Изменить стиль страницы

Мне кажется, что Лидия Яковлевна Гинзбург придавала слишком большое значение времени, бегущему из прошлого в будущее, почти не задерживаясь в настоящем. Молодость надеется на будущее. У старости эта игрушка отнята. Но реально и для старых, и для юных есть только настоящее. Реально то, что есть сейчас. Голова не болит, светит солнце, на письменном столе лист белой бумаги… Старость мне это дает. А в юности я не знал, что с собой делать, скучал. Безумства резвые гремушки меня не захватывали. Захватывали порывы творчества, но они приходили очень редко. Потом в мою жизнь вмешалась война, лагерь, любовь, я отложил философию на двадцать лет и просто жил, вживался в плоть жизни… Но к юности, к школьным и студенческим годам мне даже не хотелось бы вернуться.

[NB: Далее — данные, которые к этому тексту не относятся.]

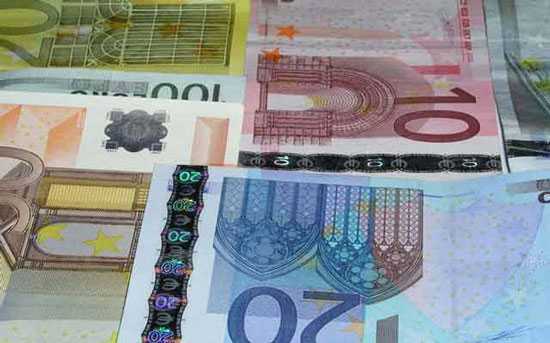USD bằng Euro: Kỷ lục 15 năm, điều đáng sợ phía trước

Догэн, проповедовавший в Японии XIII в., писал: неправильно говорить, что полено сгорело и осталась зола. Полностью есть только полено в его поленности, огонь в его огненности и зола в ее зольности. Движение времени уводит в сторону от того, что мы, европейцы, называем вечностью, а на Востоке зовут недвойственностью. Реально только вечное теперь. Настоящее ближе к вечности, чем прошлое и будущее. Мгновение ближе, чем день и час.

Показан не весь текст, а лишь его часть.